Actually the whole way, I was feeling rather blasé about the whole thing. I have been waiting for about half a year for this after all! It just gets to the point where you want to just get it over with. There was this great big and tall American daddy who had his Chinese
(wow I just saw a guy who looks like an oldd David Boreanez)
wife and 2 kids with him, a boy and a girl. The wife had a beautifully soft Beijing accent and I thought how wonderful it was for the kids to be growing up learning two languages at once. I particularly envied the little girl. Her dad was hugging her and playing with her and she just looked so tiny in his big frame.
By the way.
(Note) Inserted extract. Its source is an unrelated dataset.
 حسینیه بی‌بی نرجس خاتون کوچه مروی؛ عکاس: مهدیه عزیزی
I don’t think there’s a single Asian in this lounge except for the two Filipino ladies at the counter. Bleh. Get used to it, right?
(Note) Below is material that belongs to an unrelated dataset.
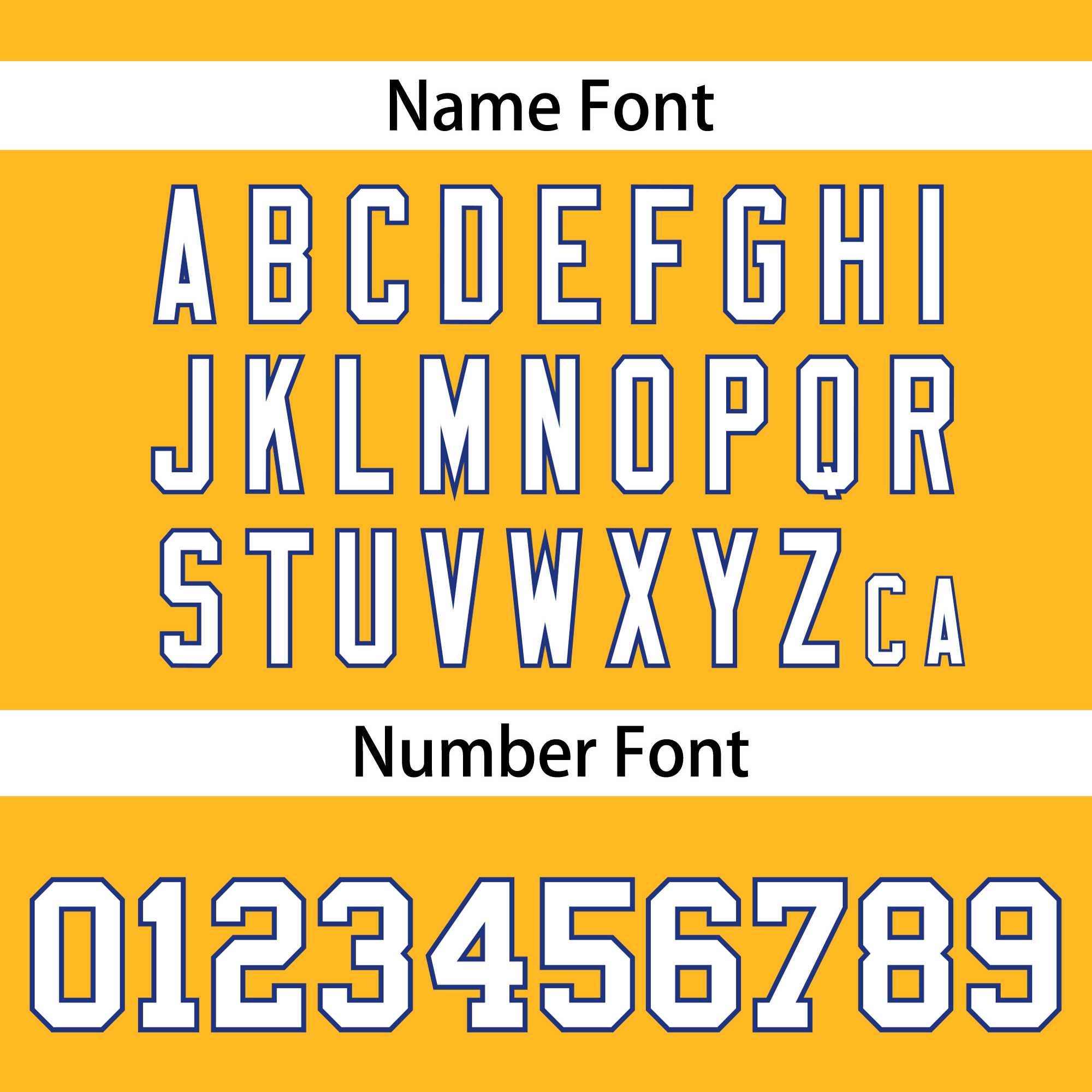 Custom Gold Royal-White Personalized Classic V-Neck Hockey Jersey | KXKSHOP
Anyway, the daddy was talking to his little girl about landing in Frankfurt and he said in a singsong voice to her “we are landing in Germany”. And then it just hit me.
I am landing in Germany.
Why?
Because I’m going to the United States to meet and live and work with people that I completely do not know at all. It’s going to be a whole new culture, with barely any Asians, as compared with my first time in Perth before, and I have this gigantic fear that l will not be able to live up to the irritating reputation of being the Old Man’s daughter, whom all worship and fear.
The Old Man I mean. Not me. Obviously.
As Diehard would say. Holy $h!t!!!!!!!!!!!!!
Ooh. Filipinos speaking German. The wonders of globalisation.
ohh.. speaking of Diehard. Yes. Several of the Caucasians around are quite easy on the eye. But honestly. Do I care? I just look dejectedly at their chiselled faces and remember large brown eyes on top of a gigantic but adorably sensitive nose. And the rest of the whole package.
Cue the extremely-long-drawn sigh.
Oh well. We have determined that this is definitely positively the path I should be taking. I will be strong! I will be independent! I will be…
Damn I’m tired. Talk to you when I get to W-S.